Kitchen (1998) covers the subject of sponsorship under chapter 21 of his book ad shares the same view as Blois and Waterschoot in terms of its measurability. The resultant incremental increase in sales volume can be determined when promotional venues are utilized within the marketing mix. This ability to see the effectiveness of the selected promotional tool provides feedback as to the effectiveness of the research into consumer buying behaviour patterns and other allied areas. Kitchen cites Tesco as an example of a company that understands the value of knowing its customers.
While a direct example of sponsorships was not cited a corresponding marketing component illustrated the importance of understanding the factors that influence consumer-buying behaviour. Kitchen states that it is necessary to utilize promotions within a defined target audience as well as market and utilize an integrated means of information, persuasion and recall to remind both existing and prospective customers of the company.
He cites that the differentiation of the marketing mix to appeal to these distinct and important segments cannot be overstated in terms of their importance in achieving increased brand image and product trial or sale.
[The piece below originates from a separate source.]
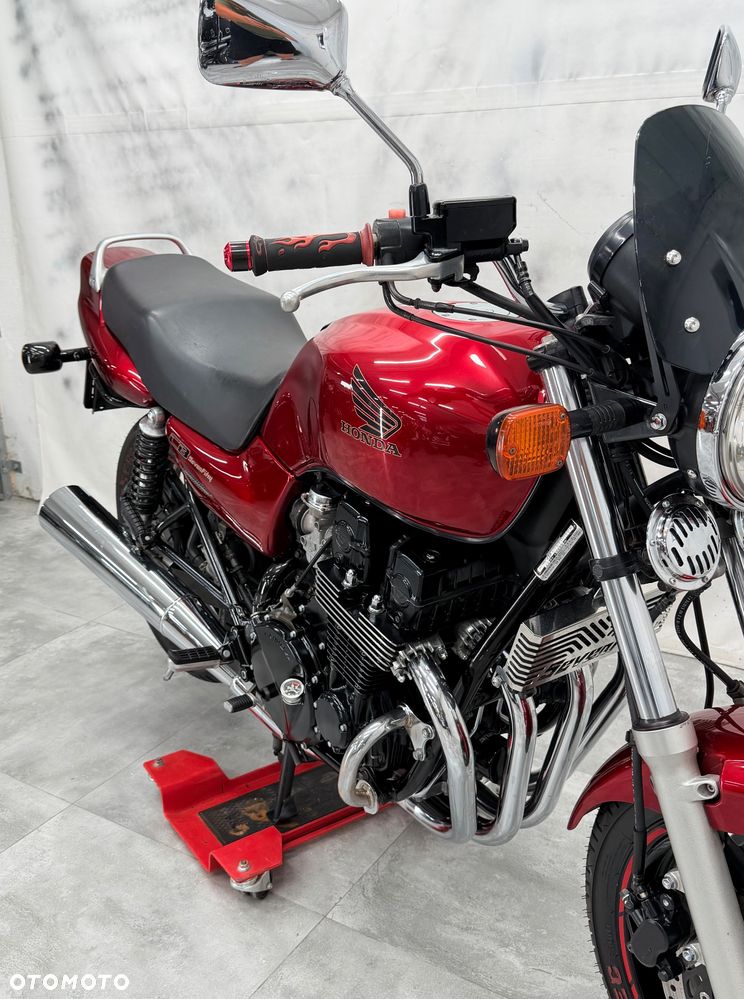 Honda CB - 8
He continues that marketing communications entails utilizing a continuous set of proven and tried techniques not only to deliver advertising messages, but to correspond to and keep pace with the consistently changing aspects of consumer buying behavioral dynamics.
Kitchen adds that in the final analysis all products, not matter how well they are positioned, distributed, priced and thought of in terms of public perception, need to be promoted. And he cites sponsorships as one of those variables that makes a measurable difference. Attention to the components of public relations, direct marketing, sales promotion and sponsorships rely upon a deft understanding of the market being served. Along with effective and efficient planning, follow through and consistent evaluation of measurable results.
Brassington et al (2002) also emphasizes the importance of consumer buying behaviour along with sales promotion and strategic marketing in three distinct chapters. The concept of strategy is explained along with its importance. It is explained that strategy is the matching of activities in a company to the marketing context it operates in as well as the company’s capabilities with regard to resources.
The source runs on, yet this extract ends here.